Chamaesphecia mysiniformis

Scientific classification
- Kingdom: Animalia
- Phylum: Arthropoda
- Clade: Pancrustacea
- Class: Insecta
- Order: Lepidoptera
- Family: Sesiidae
- Genus: Chamaesphecia
- Subgenus: Scopulosphecia
- Species: C. mysiniformis
- Binomial name: Chamaesphecia mysiniformis (Boisduval, 1840)
- Synonyms: Sesia mysiniformis Boisduval, 1840 ; Chamaesphecia boisduvali Bartel, 1912 ; Chamaesphecia rondouana Le Cerf, 1922 ;

= Chamaesphecia mysiniformis =

- Authority: (Boisduval, 1840)

Species of moth

Chamaesphecia mysiniformis is a moth of the family Sesiidae.

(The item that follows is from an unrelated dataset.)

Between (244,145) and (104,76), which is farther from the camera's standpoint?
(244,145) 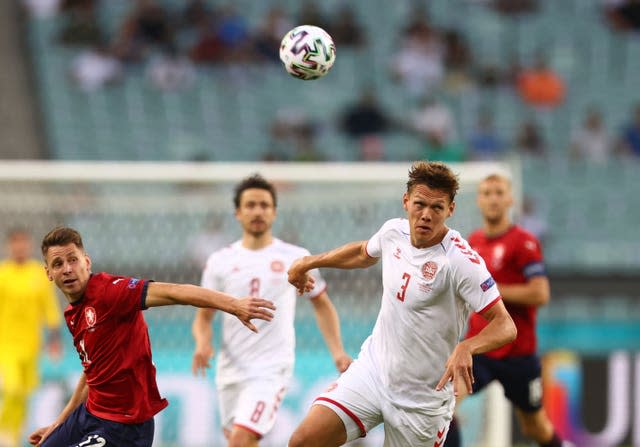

It is native to the Iberian Peninsula, southern France, and northern Morocco, but has been introduced to Victoria, Australia in 1997.

The larvae feed on Marrubium vulgare, Marrubium alysson, Marrubium supinum, Ballota nigra, Ballota hirsuta, Stachys germanica, Stachys ocymastrum, Stachys circinata and Sideritis montana.